Kickoff - Setting the timer, picking a name, booting the stack

First move: create the path for a new project. I called it Cool Follow Account. The name sums up what the product is about - it revolves around follower counts, snapshots, and making them look clean. Names can change later. The point is to start. The working title gave me a mental picture and a direction to code toward.

Then I went straight for the stack. I ran the command I use to pull my favorite combo together: npm i starter. This is my quick way to wire up Next.js with Supabase and Stripe in one go. Next.js gives me server-side rendering and fast routing out of the box. Supabase covers auth and a backend I don’t have to babysit. Stripe handles payments so I can actually charge money on day one. Installing them together saves 1 or 2 hours of boilerplate. When you are racing a clock, these hours matter.

I hit Enter, got a coffee, and watched the dependencies roll in. Then, plot twist. Yes, I changed the hoodie, but I also burned a whole hour on package problems. Next.js 16 had just dropped and the freshness broke parts of the stack. I did not need that. I rolled back to 15.5 because I wanted stability and I did not want to explore changes mid sprint. There is a time for curiosity and a time for shipping. Tonight was shipping.

With that fixed, I could finally start working on the actual product instead of wrestling versions. So yeah, from here on, it is game on.

Hour 1 - First UI passes, Discord call, and the flow shaping up

One hour in I took a quick brightness bump on the screen and looked at the progress.

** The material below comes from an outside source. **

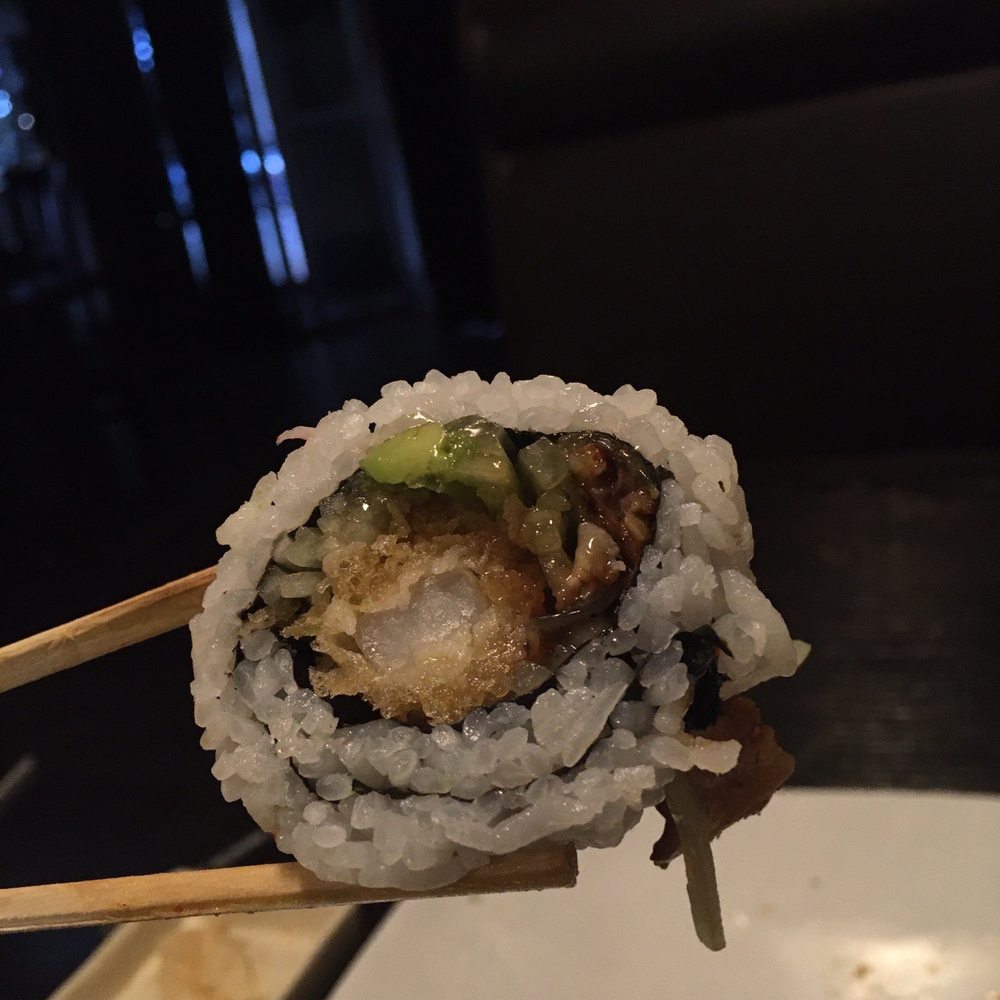 Sushi Ai - American dream roll--shrimp tempura, Tobiko, eel. - Japanese Near Me - Saint Louis, Missouri Sushi Ai - American dream roll--shrimp tempura, Tobiko, eel. - Japanese Near Me - Saint Louis, Missouri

I had set up the hero section. It still had placeholder text that did not match the product context, but the structure was on the page. This early screenshot would make sense soon, I just needed to drop in the right copy.

While that was coming together, I was on Discord chatting with a friend. We caught up a bit, so my hands-on time was around 40 minutes, but the UI was already taking shape. This is where being efficient with templates saves your brain for the logic. The visual first pass was in, the bones were right, and I knew what to fix next.

I still needed to implement login, the Stripe payment flow, the middleware to guard routes, and the overall app flow from landing to purchase to download. That is the heart of the app. On the UI side, though, we were in a good place.

Landing page structure and reused components

The landing page started with a hero that I pulled from DPs Templates, which is my other app. That app is a library of ready-to-go sections and blocks. I built it for myself, and now I rely on it a lot because it lets me stop reinventing headers and focus on the actual product. I knew I would need to change the text, maybe adjust spacing and tone, but the layout was clean and familiar. That speed boost matters.

Below the hero I added the Create section. This is where the magic happens. You see a count input, and the idea is simple: you enter your follower count, and the system compiles the right snapshot layout for you automatically. Think of it as a clean generator that gives you a share-ready image. In the early state, it looked the same as the screenshot in my head. It just was not wired up yet. It was close. It was about to click.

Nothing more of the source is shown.